Por ello no sorprende que su inmensa obra literaria posterior arrancase en las páginas de las revistas y los periódicos de aquellos finales de siglo (el XIX). Entre las primeras La España moderna (en la que aparecerían en 1894 y 1895 los cinco ensayos que constituyeron su primera obra seria: En torno al casticismo), Ciencia Social (en la que en 1896 publica 4 ensayos, que ya causan impacto: La dignidad humana, La crisis del patriotismo, La juventud intelectual española y Civilización y cultura), Nuestro tiempo (donde publica Viejos y Jóvenes, Ciudad y Campo, Alma de jóvenes y algunos más), Alma española, Los tres, y La Revista Nueva (El socialismo de Castelar) y entre los periódicos figuraban, y solo en Madrid: El Radical, La Época, El País, La Iberia, El Liberal, El Heraldo y El Imparcial.

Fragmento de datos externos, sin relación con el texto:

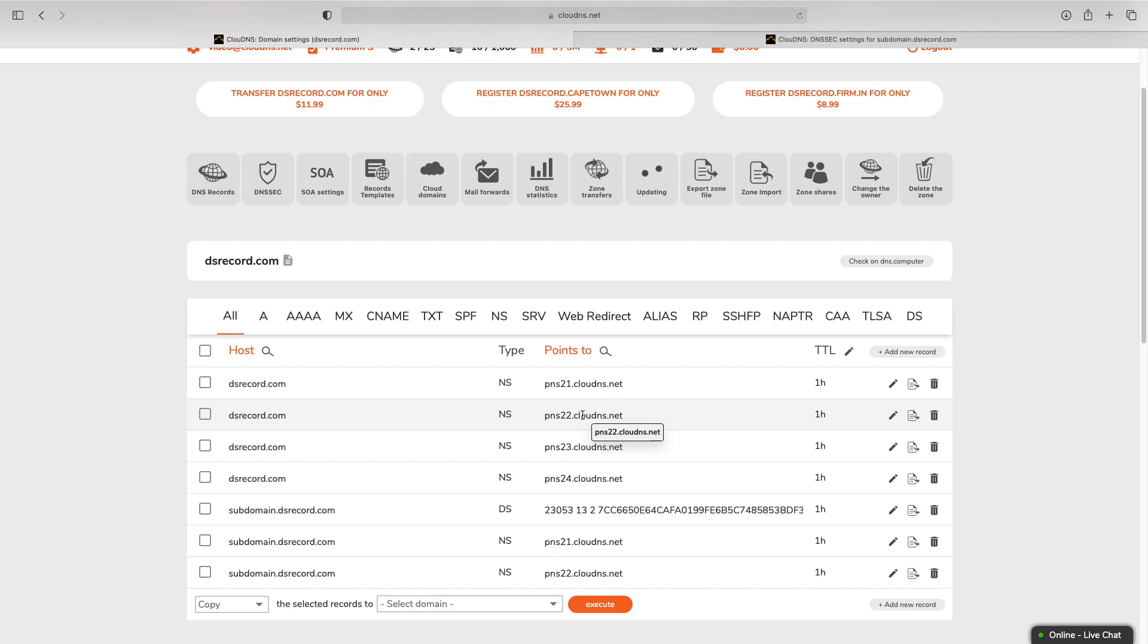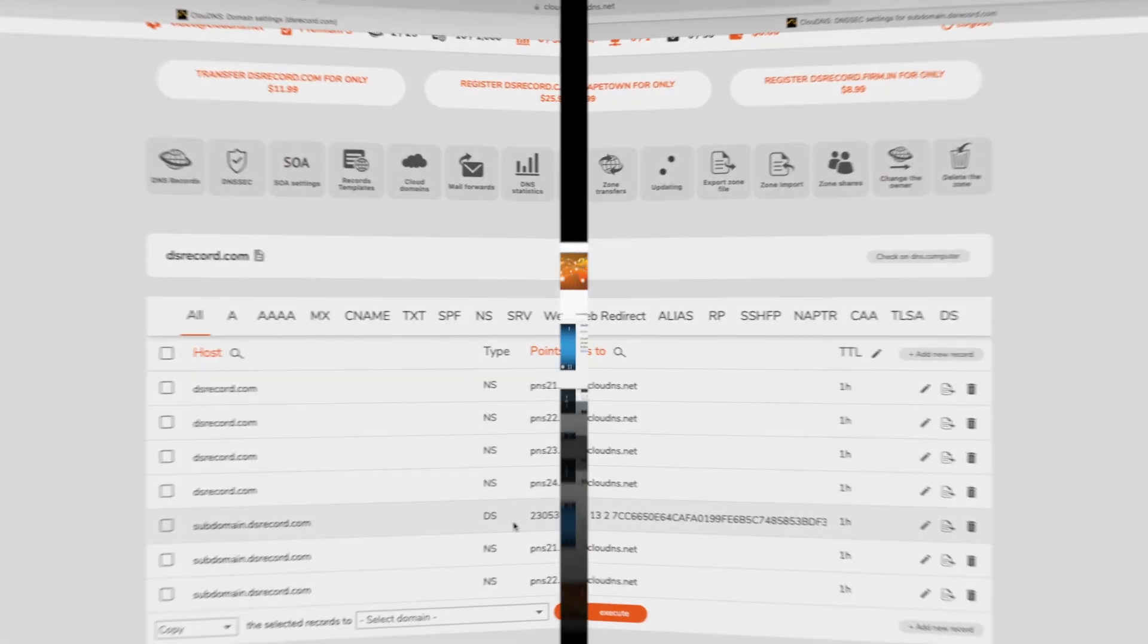Your DS record is successfully created. Thank you for choosing CloudDNS.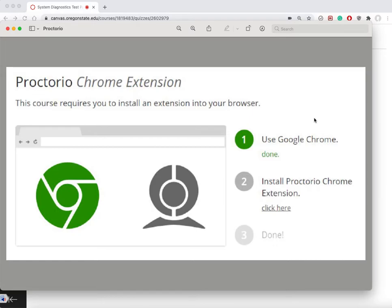So in this short video I'm going to explain to you what it's like taking a test with Proctorio. The learning platform I'm using right now is Canvas.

En La Revista Nueva aquel grupo de «locos» (como les llamaría Baroja), y Unamuno entre ellos, firman una especie de Manifiesto dirigido a la juventud intelectual, en el que dicen:

«Juventud, juventud: ráfagas poderosas de vida impulsan tu corazón y tu pensamiento. No vamos a conducirte por caminos que ignores; no vamos a trocar tus ideales, ni a proponerte la regeneración del mundo con un programa de feria. No. Todas las filosofías, todas las instituciones, todas las ideas merecen respeto, cuando no son máscaras hipócritas.

Pero de todas las mentiras que son, para muchos maneras de vivir y de medrar, ninguna tan execrable como el falso escepticismo que viene a ser la señal de los tiempos; disfraz de la inútil canalla y de la impotencia, es el escollo más temible para las ilusiones de la juventud.

No dejéis que os arrebaten las ilusiones y la FE.

Apasionaos, llorad, reíd; la vida es más dulce cuando es más intensa la pasión; canta el soldado; canta la enamorada; canta el creyente; cantad sin miedo vuestra fe y vuestros ideales, cantad luchando en la conquista de porvenir; sed justos y piadosos.

Cuando la piedad y la justicia le acompañan, el hombre llega siempre al supremo bien de todos los caminos».

Pero, todavía no había llegado «el 98» ni era rector de la Universidad de Salamanca.

Eso sí estaba ya en la guerra entre la Razón y la Fe... y meditando, con el lejano Ganivet, sobre el porvenir de España.